Three members of the Camelback Society, a Phoenix association of Christian businessmen, spoke to students in the final installment of the school year in the Colangelo College of Business Dean’s Speaker Series. Brycen Snyder, Aaron Klusman and Ryan House all have had numerous achievements, but what really got them talking was when they were asked what they learned when their careers went awry.
Snyder had to do an about-face in 2008, when he was working in real estate and the market collapsed. He knew a friend who had been in the billboard business, started asking questions, transitioned and has been a principal in Boulevard Outdoor Advertising ever since.
“Don’t be paralyzed,” Snyder said. “I was paralyzed when real estate went bad. You’ve got to find something to fill the gap. You’ve got to find solutions, solve the problem. It doesn’t have to be perfect.”
Klusman grew up focused on becoming “the best baseball player in history” and, after playing at Arizona State and making honorable mention on the Collegiate Baseball Freshman All-America team, signed as a free agent pitcher with the Los Angeles Dodgers.
But his dream died after two years of rookie ball in Ogden, Utah, and he set about on a path toward a new competition — venture capitalism — that hasn’t been easy, either. Nevertheless, Klusman is managing partner of four companies, founded ZoYo Neighborhood Yogurt, is a partner in the development of Dunkin Donuts franchises and even started a clothing line while he was in college.
So Klusman has things all figured out, right? Hardly.
“There are times I struggle and think, ‘Why bother?’” he said. But Klusman’s athletic training has come in handy, and he has applied those principles to being an entrepreneur. “The only way to grow is by training the muscle,” he added.

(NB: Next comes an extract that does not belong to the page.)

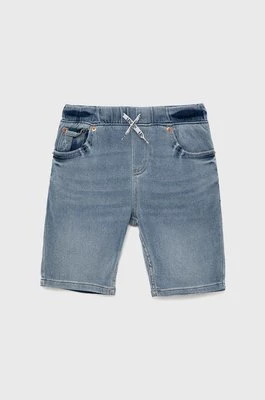 Levi's Szorty jeansowe dziecięce regulowana talia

House, like Snyder, found himself on the outside looking in when the homebuilder he was working for as a project manager went under. But he stuck with it and has built a successful career in real estate.
“Sometimes (overcoming) failure is not having a willingness to fail,” he said.
House also stressed the importance of being able to honestly assess your strengths and weaknesses and where you are in your career development. Family and friends will tell you what you want to hear, he said, so you need to seek opinions from others — even people who don’t like you.
“If you’re not getting the view from 30,000 feet, you’re going to lose perspective,” he said.
Another way to get that perspective, Snyder said, is to have at least one good mentor, but it’s equally important to not be too harsh on yourself when you fail. We hear stories all the time, House noted, about people who failed, persevered and then succeeded beyond their wildest dreams, and we judge them on the end result, not the mistakes they made.
“I always felt that pressure to quit,” he said, “but it’s amazing how you blink and realize how much better off you are than four to five years ago.”
Klusman compared it to how things that bothered us in high school are now “like blips on radar.” And he had the best line of the day when he described what his line of work is all about.
“Being an entrepreneur,” he said, “is like jumping off a cliff and having to build an airplane before you hit the ground.”